Reviewed by Colin Jacobson (April 14, 2015)
As Tom Cruise quickly entered Wacko Jacko territory and became better known as a weird celebrity than as a performer, we saw how this affected box office receipts. Cruise’s nuttiness didn’t seem to have a substantial impact on 2005’s War of the Worlds, though it became tough to gauge whether the actor’s behavior did lower receipts. Worlds snagged a tidy $234 million, but perhaps it would have made even more without Cruise’s various controversies.
With 2006’s Mission: Impossible III, it became more likely that the increasing public perception of Cruise as a weirdo negatively impacted the film’s profits. Despite very positive reviews, Mission 3 only took in $133 million at the box office. I recognize that “only” is a relative judgment, as plenty of movies would kill for that kind of take. However, given the film’s pedigree, budget and expectations, $133 million clearly turned into a disappointment.
All of that’s too bad, for M:I III unquestionably offered the best of the first three flicks. The film starts with a scary scene in which Impossible Mission Force (IMF) agent Ethan Hunt (Cruise) begs Owen Davian (Philip Seymour Hoffman) not to kill a babe named Julia (Michelle Monaghan).

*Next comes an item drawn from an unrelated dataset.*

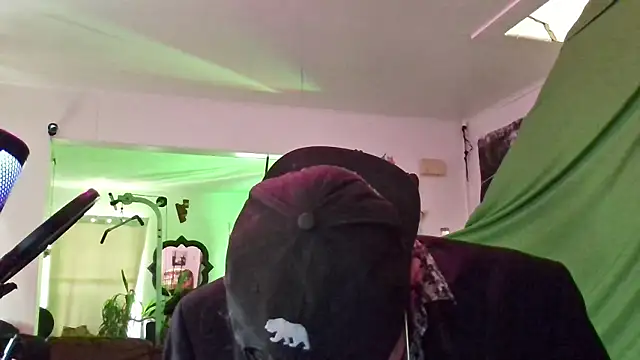 Snapshot of MasterDaddyCool chatting on October 28, 4:39 pm MasterDaddyCool online show from October 28, 4:39 pm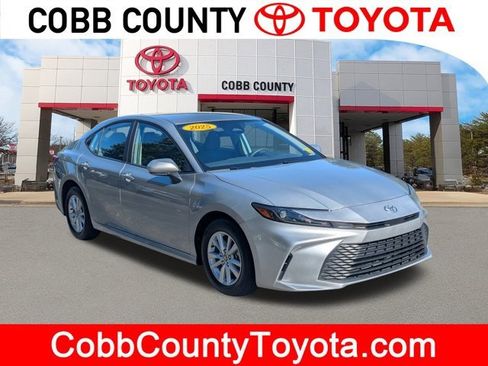 Used 2025 Toyota Camry LE image 1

Right in the middle of a tense moment, the flick cuts and heads back into the past. We find out that Ethan and Julia are engaged, but she doesn’t know about his real job. He claims to work for the Department of Transportation and hides his secret agent life.

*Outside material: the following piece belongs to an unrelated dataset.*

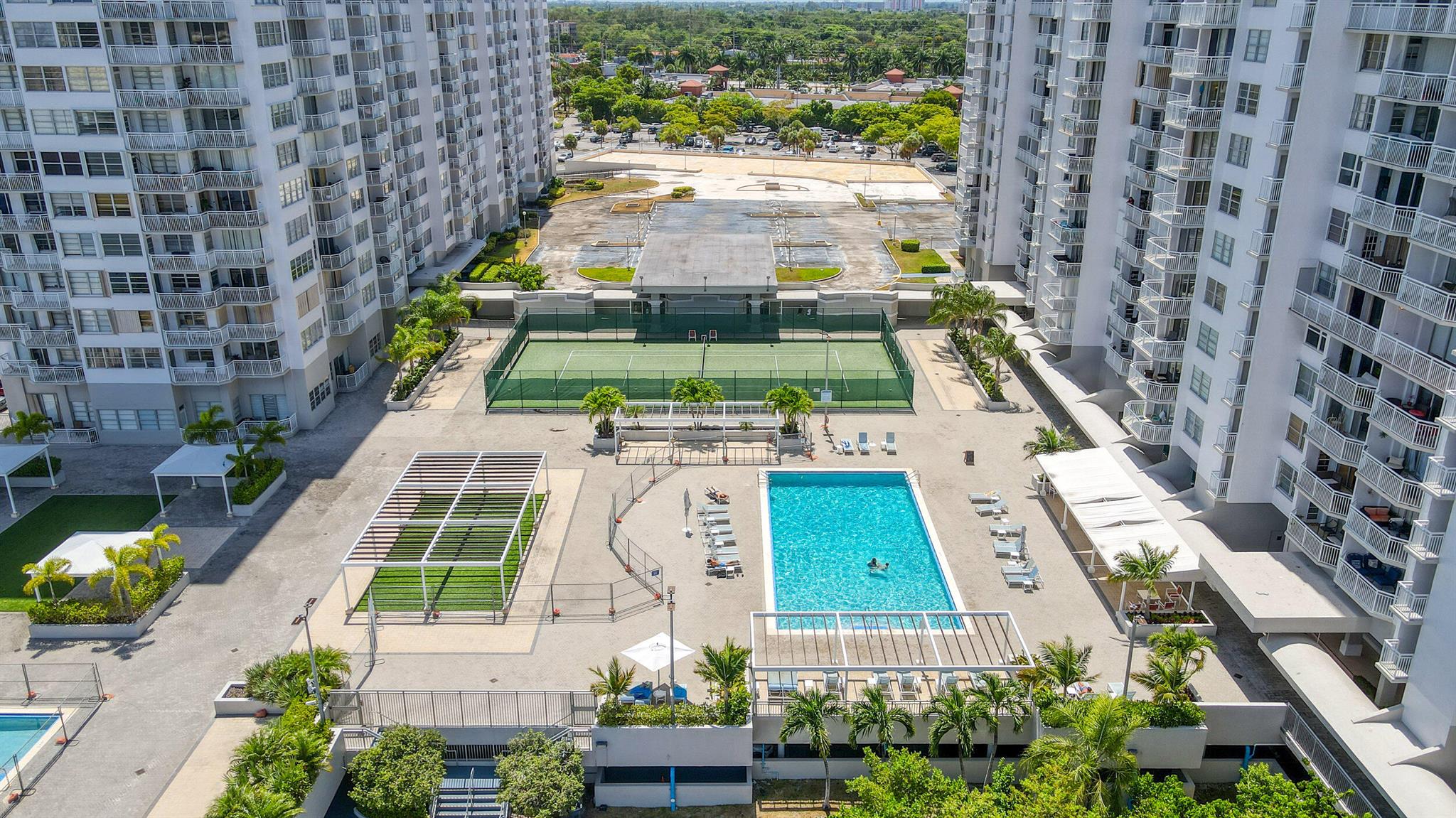 18051 Biscayne Boulevard 1104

Actually, the active hero of the first two movies has become more of a desk jockey, as Ethan now primarily trains new recruits. His superior John Musgrave (Billy Crudup) lures him back into the field when Davian captures Ethan’s star pupil Lindsey Farris (Keri Russell). Ethan takes a team that includes old partner Luther Stickell (Ving Rhames) with younger agents Zhen Lei (Maggie Q) and Declan Gormley (Jonathan Rhys Meyers).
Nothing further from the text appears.